Стараясь повернуть дело культурного строительства, культурного воспитания народа на рельсы революционного развития, Троцкий видел в этом одно из условий подготовки мировой революции. Говоря о культурной работе в клубах и ее связи с международными вопросами, Троцкий однозначно сказал: «От всех шкивов мелких частных вопросов должны идти приводные ремни к маховому колесу мировой революции»{124}. Но, говоря об этом, Троцкий вслед за Лениным не хотел признавать «чисто» пролетарской культуры. Это было непросто.
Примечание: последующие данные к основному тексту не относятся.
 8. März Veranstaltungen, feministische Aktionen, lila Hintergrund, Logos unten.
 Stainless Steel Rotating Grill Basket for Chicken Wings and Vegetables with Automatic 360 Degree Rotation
Вульгарные просветители, полуневежественные «культуртрегеры» социализма, во весь голос говорили об особой «пролетарской культуре», основанной на классовых инстинктах и новых революционных ценностях.
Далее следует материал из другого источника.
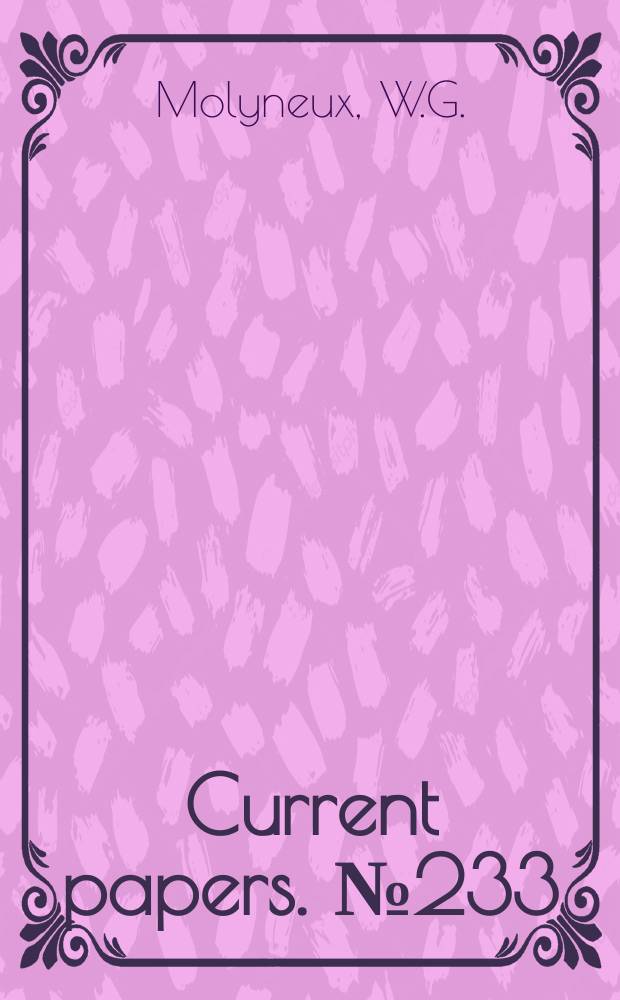 Current papers. №233 : A technique for the measurement of pressure distribution on oscillating aerofoils with results for a rectangular wing of aspect ratio 3.3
Стараясь не противоречить «классовому подходу», Троцкий пытался трансформировать «пролетарскую культуру» в «культуру переходного периода». А из чего она состоит? – вопрошал он, выступая перед клубными работниками. И тут же отвечал: «Из остатков, еще очень властных, культуры дворянского периода, – и не все в ней негоже: Пушкина, Толстого мы не выкинем, они нам нужны, – из элементов буржуазной культуры, прежде всего, буржуазной техники, которые нам еще нужнее… мы пока еще живем на буржуазной технике и в значительной мере на буржуазных спецах, мы еще своих заводов не построили и работаем на тех, которые получили из рук буржуазии»{125}. Чтобы сделать свои аргументы весомее, Троцкий добавил: «Ленин употреблял термин «пролетарская культура» только для того, чтобы бороться против его идеалистического, лабораторного, схематического, богдановского [13] истолкования». По сути, Троцкий раньше других выступил против огульного нигилизма «Пролеткульта», обожествления невежества, апологетики классовости в литературе и искусстве. Вместе с тем он считал, и был убежден в своей правоте, что деятели культуры, литературы и искусства должны быть «бойцами партии». В своем письме Л.Б. Каменеву и А.К. Воронскому он писал о том, что целесообразно «идейное объединение писателей-коммунистов»{126}.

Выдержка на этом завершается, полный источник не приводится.